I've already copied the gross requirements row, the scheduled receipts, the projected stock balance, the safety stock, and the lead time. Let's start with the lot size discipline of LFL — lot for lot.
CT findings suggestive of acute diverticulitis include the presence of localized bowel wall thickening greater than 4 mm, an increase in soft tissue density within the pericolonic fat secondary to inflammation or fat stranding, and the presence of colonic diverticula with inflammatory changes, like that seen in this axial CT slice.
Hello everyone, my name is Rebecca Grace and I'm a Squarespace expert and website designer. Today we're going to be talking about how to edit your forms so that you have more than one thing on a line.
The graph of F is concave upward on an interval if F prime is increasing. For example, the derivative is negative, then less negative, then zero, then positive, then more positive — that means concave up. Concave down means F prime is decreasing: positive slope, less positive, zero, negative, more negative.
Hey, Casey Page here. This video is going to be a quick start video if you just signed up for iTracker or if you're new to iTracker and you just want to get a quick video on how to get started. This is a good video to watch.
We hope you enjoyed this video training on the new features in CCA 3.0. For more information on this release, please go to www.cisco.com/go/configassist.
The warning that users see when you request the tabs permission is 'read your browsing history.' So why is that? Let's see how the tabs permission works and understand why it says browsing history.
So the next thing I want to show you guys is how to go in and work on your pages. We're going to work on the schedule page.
==
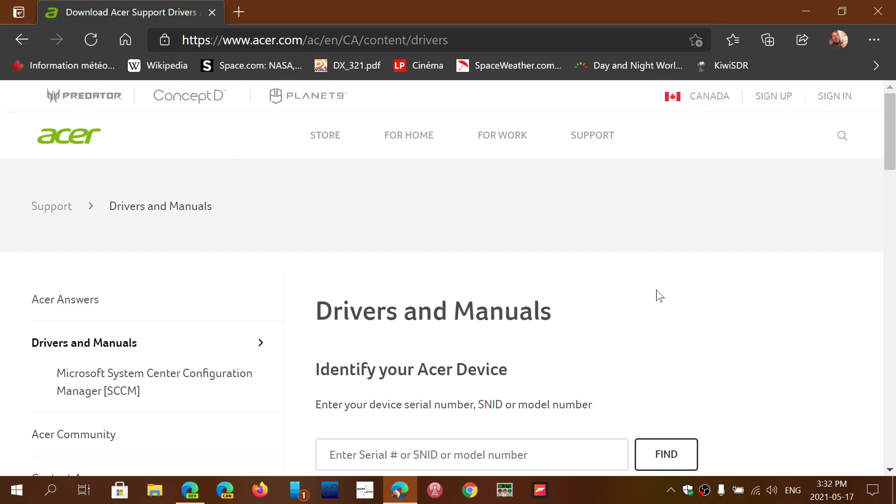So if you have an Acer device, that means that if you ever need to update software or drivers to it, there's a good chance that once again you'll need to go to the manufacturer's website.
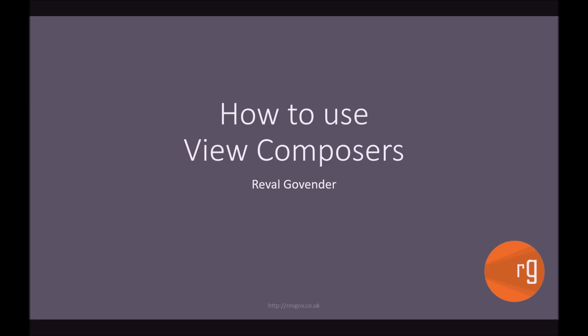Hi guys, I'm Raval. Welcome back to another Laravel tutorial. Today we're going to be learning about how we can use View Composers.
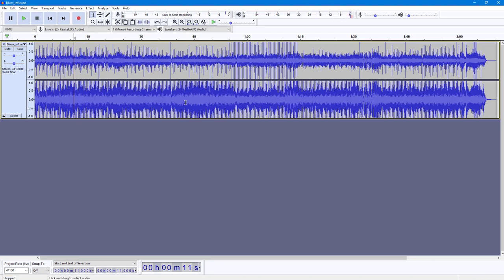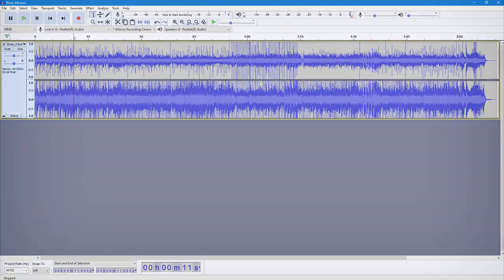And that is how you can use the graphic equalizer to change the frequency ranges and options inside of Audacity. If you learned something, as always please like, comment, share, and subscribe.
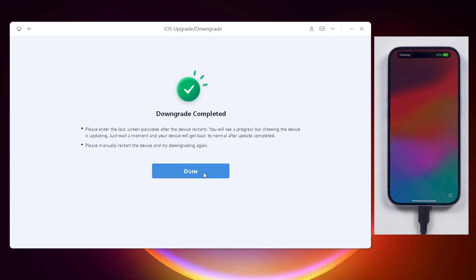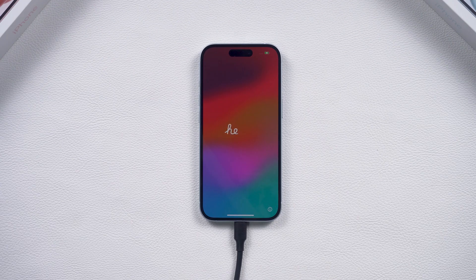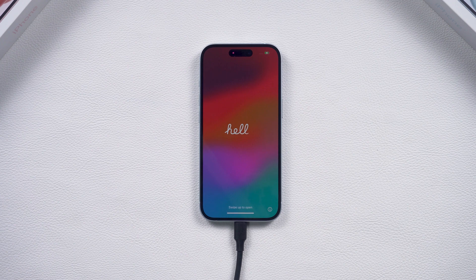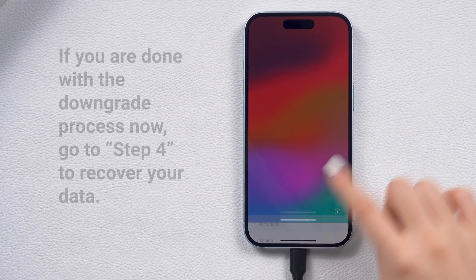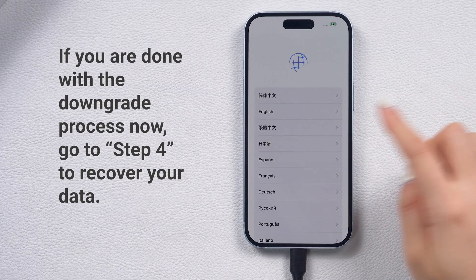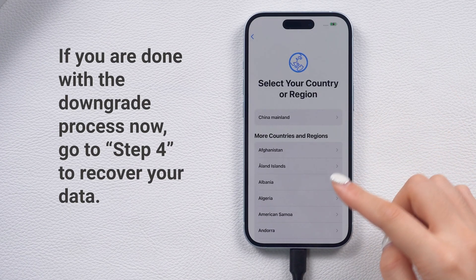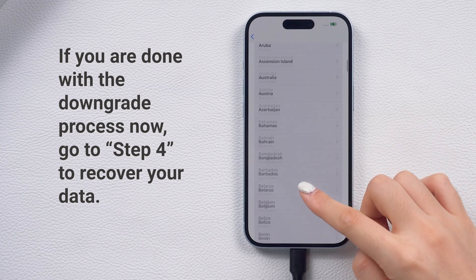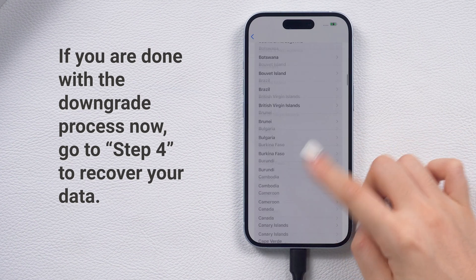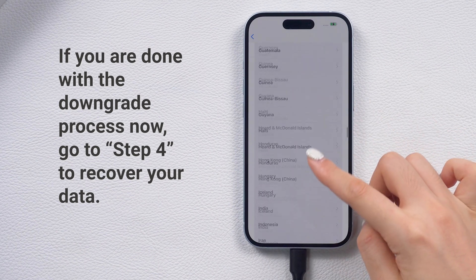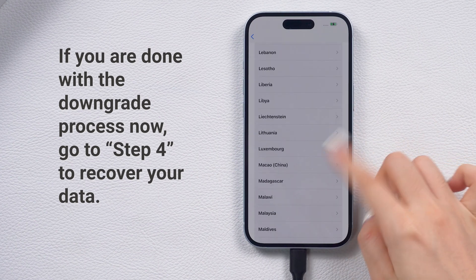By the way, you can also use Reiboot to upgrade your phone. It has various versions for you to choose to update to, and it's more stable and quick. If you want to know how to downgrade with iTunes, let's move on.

# ABOUT THIS EXERCISE
Reproduce word for word the material above, beginning with the line that contains "CT findings suggestive" and ending with the line that contains "Hello everyone, my".

# TASK OUTPUT
CT findings suggestive of acute diverticulitis include the presence of localized bowel wall thickening greater than 4 mm, an increase in soft tissue density within the pericolonic fat secondary to inflammation or fat stranding, and the presence of colonic diverticula with inflammatory changes, like that seen in this axial CT slice.
Hello everyone, my name is Rebecca Grace and I'm a Squarespace expert and website designer. Today we're going to be talking about how to edit your forms so that you have more than one thing on a line.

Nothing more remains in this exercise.